PROBLEM
Your task is to print every entry below exactly as given.

Short text fragments from websites:

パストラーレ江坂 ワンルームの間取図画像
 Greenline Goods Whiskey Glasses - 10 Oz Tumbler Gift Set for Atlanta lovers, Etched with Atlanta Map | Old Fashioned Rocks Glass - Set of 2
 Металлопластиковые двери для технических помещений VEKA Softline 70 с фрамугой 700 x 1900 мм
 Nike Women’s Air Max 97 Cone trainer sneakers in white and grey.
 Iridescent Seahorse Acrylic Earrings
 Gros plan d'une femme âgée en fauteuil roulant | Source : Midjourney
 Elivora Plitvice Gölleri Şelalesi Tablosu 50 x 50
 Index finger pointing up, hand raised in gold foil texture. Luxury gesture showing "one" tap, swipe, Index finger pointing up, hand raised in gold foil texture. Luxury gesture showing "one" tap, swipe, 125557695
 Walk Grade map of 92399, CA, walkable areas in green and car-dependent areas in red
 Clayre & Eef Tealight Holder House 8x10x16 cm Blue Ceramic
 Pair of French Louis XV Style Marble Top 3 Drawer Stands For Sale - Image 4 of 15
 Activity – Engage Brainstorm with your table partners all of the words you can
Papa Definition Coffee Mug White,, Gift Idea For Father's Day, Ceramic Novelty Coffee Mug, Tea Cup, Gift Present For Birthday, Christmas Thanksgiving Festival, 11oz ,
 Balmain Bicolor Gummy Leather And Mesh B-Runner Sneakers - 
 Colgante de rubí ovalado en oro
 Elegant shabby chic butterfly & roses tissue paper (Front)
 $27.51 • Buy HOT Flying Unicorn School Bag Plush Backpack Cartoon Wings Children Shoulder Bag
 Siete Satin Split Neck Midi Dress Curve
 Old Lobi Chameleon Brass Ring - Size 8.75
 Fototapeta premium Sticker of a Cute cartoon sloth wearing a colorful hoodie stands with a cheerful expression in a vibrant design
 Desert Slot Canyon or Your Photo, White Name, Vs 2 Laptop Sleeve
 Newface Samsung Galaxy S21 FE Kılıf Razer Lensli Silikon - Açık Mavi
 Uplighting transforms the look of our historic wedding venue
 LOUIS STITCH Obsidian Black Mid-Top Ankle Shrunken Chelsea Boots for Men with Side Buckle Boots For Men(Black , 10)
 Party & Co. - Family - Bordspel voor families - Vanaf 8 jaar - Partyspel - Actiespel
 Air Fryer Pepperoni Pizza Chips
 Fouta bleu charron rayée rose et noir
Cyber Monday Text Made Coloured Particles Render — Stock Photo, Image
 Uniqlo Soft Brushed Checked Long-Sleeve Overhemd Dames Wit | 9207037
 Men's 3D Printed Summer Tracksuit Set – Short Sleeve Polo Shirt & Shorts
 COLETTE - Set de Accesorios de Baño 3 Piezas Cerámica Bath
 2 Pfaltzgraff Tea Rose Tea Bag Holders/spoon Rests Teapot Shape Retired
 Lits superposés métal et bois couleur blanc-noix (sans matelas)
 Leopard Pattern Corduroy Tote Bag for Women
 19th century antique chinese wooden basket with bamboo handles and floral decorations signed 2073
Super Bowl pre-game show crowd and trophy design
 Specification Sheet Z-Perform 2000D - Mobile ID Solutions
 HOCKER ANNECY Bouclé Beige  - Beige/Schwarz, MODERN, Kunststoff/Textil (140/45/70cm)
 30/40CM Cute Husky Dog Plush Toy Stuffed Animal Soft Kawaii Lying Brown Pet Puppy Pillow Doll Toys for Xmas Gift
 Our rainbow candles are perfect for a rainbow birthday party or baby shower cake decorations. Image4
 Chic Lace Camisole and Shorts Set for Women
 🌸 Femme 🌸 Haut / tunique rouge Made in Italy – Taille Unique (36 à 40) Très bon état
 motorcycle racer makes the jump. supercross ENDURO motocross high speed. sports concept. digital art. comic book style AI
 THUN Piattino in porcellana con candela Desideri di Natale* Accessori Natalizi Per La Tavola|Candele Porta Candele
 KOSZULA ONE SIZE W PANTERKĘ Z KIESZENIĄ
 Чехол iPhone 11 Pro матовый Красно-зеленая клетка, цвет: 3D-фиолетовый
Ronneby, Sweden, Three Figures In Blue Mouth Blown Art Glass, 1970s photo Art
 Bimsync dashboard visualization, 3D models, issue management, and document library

TASK RESULT
パストラーレ江坂 ワンルームの間取図画像
 Greenline Goods Whiskey Glasses - 10 Oz Tumbler Gift Set for Atlanta lovers, Etched with Atlanta Map | Old Fashioned Rocks Glass - Set of 2
 Металлопластиковые двери для технических помещений VEKA Softline 70 с фрамугой 700 x 1900 мм
 Nike Women’s Air Max 97 Cone trainer sneakers in white and grey.
 Iridescent Seahorse Acrylic Earrings
 Gros plan d'une femme âgée en fauteuil roulant | Source : Midjourney
 Elivora Plitvice Gölleri Şelalesi Tablosu 50 x 50
 Index finger pointing up, hand raised in gold foil texture. Luxury gesture showing "one" tap, swipe, Index finger pointing up, hand raised in gold foil texture. Luxury gesture showing "one" tap, swipe, 125557695
 Walk Grade map of 92399, CA, walkable areas in green and car-dependent areas in red
 Clayre & Eef Tealight Holder House 8x10x16 cm Blue Ceramic
 Pair of French Louis XV Style Marble Top 3 Drawer Stands For Sale - Image 4 of 15
 Activity – Engage Brainstorm with your table partners all of the words you can
Papa Definition Coffee Mug White,, Gift Idea For Father's Day, Ceramic Novelty Coffee Mug, Tea Cup, Gift Present For Birthday, Christmas Thanksgiving Festival, 11oz ,
 Balmain Bicolor Gummy Leather And Mesh B-Runner Sneakers - 
 Colgante de rubí ovalado en oro
 Elegant shabby chic butterfly & roses tissue paper (Front)
 $27.51 • Buy HOT Flying Unicorn School Bag Plush Backpack Cartoon Wings Children Shoulder Bag
 Siete Satin Split Neck Midi Dress Curve
 Old Lobi Chameleon Brass Ring - Size 8.75
 Fototapeta premium Sticker of a Cute cartoon sloth wearing a colorful hoodie stands with a cheerful expression in a vibrant design
 Desert Slot Canyon or Your Photo, White Name, Vs 2 Laptop Sleeve
 Newface Samsung Galaxy S21 FE Kılıf Razer Lensli Silikon - Açık Mavi
 Uplighting transforms the look of our historic wedding venue
 LOUIS STITCH Obsidian Black Mid-Top Ankle Shrunken Chelsea Boots for Men with Side Buckle Boots For Men(Black , 10)
 Party & Co. - Family - Bordspel voor families - Vanaf 8 jaar - Partyspel - Actiespel
 Air Fryer Pepperoni Pizza Chips
 Fouta bleu charron rayée rose et noir
Cyber Monday Text Made Coloured Particles Render — Stock Photo, Image
 Uniqlo Soft Brushed Checked Long-Sleeve Overhemd Dames Wit | 9207037
 Men's 3D Printed Summer Tracksuit Set – Short Sleeve Polo Shirt & Shorts
 COLETTE - Set de Accesorios de Baño 3 Piezas Cerámica Bath
 2 Pfaltzgraff Tea Rose Tea Bag Holders/spoon Rests Teapot Shape Retired
 Lits superposés métal et bois couleur blanc-noix (sans matelas)
 Leopard Pattern Corduroy Tote Bag for Women
 19th century antique chinese wooden basket with bamboo handles and floral decorations signed 2073
Super Bowl pre-game show crowd and trophy design
 Specification Sheet Z-Perform 2000D - Mobile ID Solutions
 HOCKER ANNECY Bouclé Beige  - Beige/Schwarz, MODERN, Kunststoff/Textil (140/45/70cm)
 30/40CM Cute Husky Dog Plush Toy Stuffed Animal Soft Kawaii Lying Brown Pet Puppy Pillow Doll Toys for Xmas Gift
 Our rainbow candles are perfect for a rainbow birthday party or baby shower cake decorations. Image4
 Chic Lace Camisole and Shorts Set for Women
 🌸 Femme 🌸 Haut / tunique rouge Made in Italy – Taille Unique (36 à 40) Très bon état
 motorcycle racer makes the jump. supercross ENDURO motocross high speed. sports concept. digital art. comic book style AI
 THUN Piattino in porcellana con candela Desideri di Natale* Accessori Natalizi Per La Tavola|Candele Porta Candele
 KOSZULA ONE SIZE W PANTERKĘ Z KIESZENIĄ
 Чехол iPhone 11 Pro матовый Красно-зеленая клетка, цвет: 3D-фиолетовый
Ronneby, Sweden, Three Figures In Blue Mouth Blown Art Glass, 1970s photo Art
 Bimsync dashboard visualization, 3D models, issue management, and document library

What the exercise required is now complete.